There is a laptop hardware solution. This would entail a secure NIC (network interface card) that can only be used for a VPN, but these have huge issues. Since your communication is still a secure TCP/IP packet wrapped with an unsecured TCP/IP packet (to route through the Internet), it is kind of still the same concept as software. The only difference is the hardware will do the encryption and take the CPU load off the computer.

Using an existing Windows NT/2000/2003 box as a VPN gateway is tempting to those who already have a spare PC and Windows software and some experience in administering Windows. All of these Windows operating systems support the Point to Point Tunnelling Protocol (PPTP); 2000 and 2003 also support the Layer Two Tunnelling Protocol (L2TP) over IP Security (IPsec).
However, many businesses still buy a hardware firewall/VPN appliance instead of using Windows as their VPN gateway. For one thing, you'd need to harden your Windows server, shutting down all unused services, blocking non-VPN traffic, etc. Firewall/VPN appliances are already hardened right out of the box, designed to face an untrusted network like the Internet.

Next, there's the issue of performance. Although you can buy LAN cards that add IPsec acceleration to your PC, your Windows gateway will probably encrypt packets in software on a general purpose CPU. Firewall/VPN appliances often include hardware acceleration, performing encryption using hardware for higher throughput and lower latency. Sometimes this is an option, so look closely at appliance specs.

Then there's dedication to the task at hand. A Windows server is running plenty of software and services that have nothing to do with your VPN, and you will spend time turning these off or getting rid of them to create a dedicated VPN gateway. A firewall/VPN appliance should not carry this extra baggage. Be aware that some low-end appliances run commercial-off-the-shelf *NIX operating systems.

That brings us to CVEs and attacks against known vulnerabilities. Firewall/VPN appliances that run custom operating systems are less likely to be vulnerable to common threats that plague normal operating systems and related services. Some argue that custom operating systems are less thoroughly tested and so may have more undiscovered vulnerabilities, but normal operating systems are simply a bigger, juicier target for attackers. With either solution, it is essential to apply the latest security patches and stay on top of new CVEs. However, you'll probably have more patches to apply if you use Windows as your VPN gateway.

Finally, there is the question of which VPN protocol you plan to use. Some small businesses use PPTP because it is easy to configure and their risk level (and security know-how) is modest. However, most businesses should try to use IPsec instead, since this approach offers much stronger security. Unfortunately, IPsec is much harder to configure correctly, and requires that you issue every VPN client a digital certificate or a (group) preshared secret.
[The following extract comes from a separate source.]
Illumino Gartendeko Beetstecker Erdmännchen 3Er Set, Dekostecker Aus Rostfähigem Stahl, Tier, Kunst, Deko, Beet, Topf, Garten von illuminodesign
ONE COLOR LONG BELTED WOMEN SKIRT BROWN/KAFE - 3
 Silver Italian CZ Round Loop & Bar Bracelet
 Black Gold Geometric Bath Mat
If you use Windows as your VPN gateway, then you will need to be running Windows on every client PC, or a third-party VPN client that supports L2TP-over-IPsec.

If you use a firewall/VPN appliance, you can probably use "vanilla" IPsec instead of L2TP-over-IPsec. Many appliances are supplied with VPN client software that has been fine-tuned to work with the appliance -- for example, supporting extended authentication, dynamic IP address delivery, network address translation traversal, and automated configuration. Depending upon the appliance and its management software, you may find these VPN clients are easier to administer than the native Windows client. For example, some appliances generate an install package that contains both the VPN software and configuration.

Microsoft fans will note that using the native Windows VPN client avoids installing software, but you still need to configure that client. Either way, IPsec client administration is no fun, so a growing number of appliances now support SSL tunnelling as an alternative to PPTP, L2TP, or IPsec. SSL VPN appliances vary a good bit in features and application support, but if you're just starting your VPN now, consider this option now before you invest in IPsec clients.